Boone v. Commissioner

1933 BTA LEXIS 1255 | B.T.A. | 1933

Lead Opinion

*1066OPINION.

GoodRich :

Petitioners contend that under the provisions of section 212 (d) as retroactively applied by section 1208, Revenue Act of 1926, the sale of the Brown coal properties in 1920 was an installment sale and that the taxable gain derived therefrom should be computed upon that basis or, in the alternative, if the transaction was not an installment sale, then the notes evidencing the deferred pay*1067ments had no market value when received and no taxable gain is to be recognized until petitioners have returned to them their capital investment. Respondent has determined, and maintains, that the transaction was not an installment sale within the meaning of the statute because more than one-fourth of the selling price (which he contends was $550,000) was received and, further, that petitioners may not now change the basis upon which they reported the transaction in their returns.

Obviously, we must first determine the amount of the selling price and the amount of the cash payment. We are convinced that these were $500,000 and $100,000, respectively. It is true, as respondent argues, that both the contract of sale and the deed recite a total consideration of $550,000, and a down payment of $150,000, but those recitals are not necessarily conclusive. Here respondent is neither a party nor a privy to the instruments, and in such case it is well settled that the petitioners may introduce evidence at variance with or in contradiction to the terms of the written instrument to show the real nature of the transaction. Converse & Co., 1 B. T. A. 742; J. W. Solof, 1 B. T. A. 776; Arthur B. Grover, 3 B. T. A. 508; Stratton Grocery Co., 8 B. T. A. 317; Amalgamated Sugar Co., 4 B. T. A. 568, 575; C. I. & L. Ry. Co., 10 B. T. A. 1143. The evidence is conclusive that, so far as petitioners were concerned, their only agreement was to sell the property for $500,000, of which $100,000 was to be paid in cash. They neither demanded nor expected more, nor, we think, did they receive more. Stover was not their agent. He was the man who purchased from them, whether for himself or for an undisclosed principal, they did not know. The inflation of price in the recital of the contract deed was done for Stover’s purposes, at his request and under an agreement to refund to him immediately the excess of $50,000 over the cash payment the partners demanded. Consequently, that excess, when received by petitioners, was impressed with a trust to return it to Stover, to whom the money belonged, and it was not a part of the consideration for which the partnership sold its properties. Therefore, the initial payment did not exceed one-fourth of the purchase price and the transaction falls within the statutory definition of an installment sale. First Savings & Trust Co., 20 B. T. A. 272.

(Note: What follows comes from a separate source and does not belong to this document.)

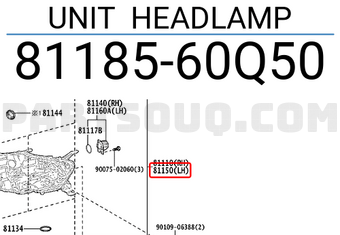 Toyota 8118560Q50 UNIT HEADLAMP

Respecting respondent’s contention that because petitioners in their returns for 1920 reported the profit from the sale on an accrual basis they can not now change to the installment basis, we again disagree. We have previously held that there was no statutory authority for reporting income on the installment basis under the Revenue Act of 1918. B. B. Todd, Inc., 1 B. T. A. 762; H. B. Graves Co., 1 B. T. A. 859, Hoover-Bond Co., 1 B. T. A. 929. Obviously, therefore, when *1068petitioners filed their returns for 1920 they had no right to report the income from this sale on the installment basis. This privilege was accorded them by the provisions of section 212 (d) of the Revenue Act of 1926 as retroactively applied by section 1208 of the same act. To hold that petitioners can not change the method of reporting this installment sale would be contrary to the intention of Congress as expressed in these sections. Laurence H. Lucker, 21 B. T. A. 93; Potter Farms, Inc., 6 B. T. A. 111; Standard Computing Scale Co. v. United States, 52 Fed. (2d) 1018; M. L. Elken, 7 B. T. A. 1160; B. L. Brown Coal & Coke Co., 14 B. T. A. 609. Cf. Key Largo Shores Properties, Inc., 21 B. T. A. 1008.

In this view of the case, it is unnecessary to consider petitioner’s alternative contention.

Judgment will he entered wnder rule 50.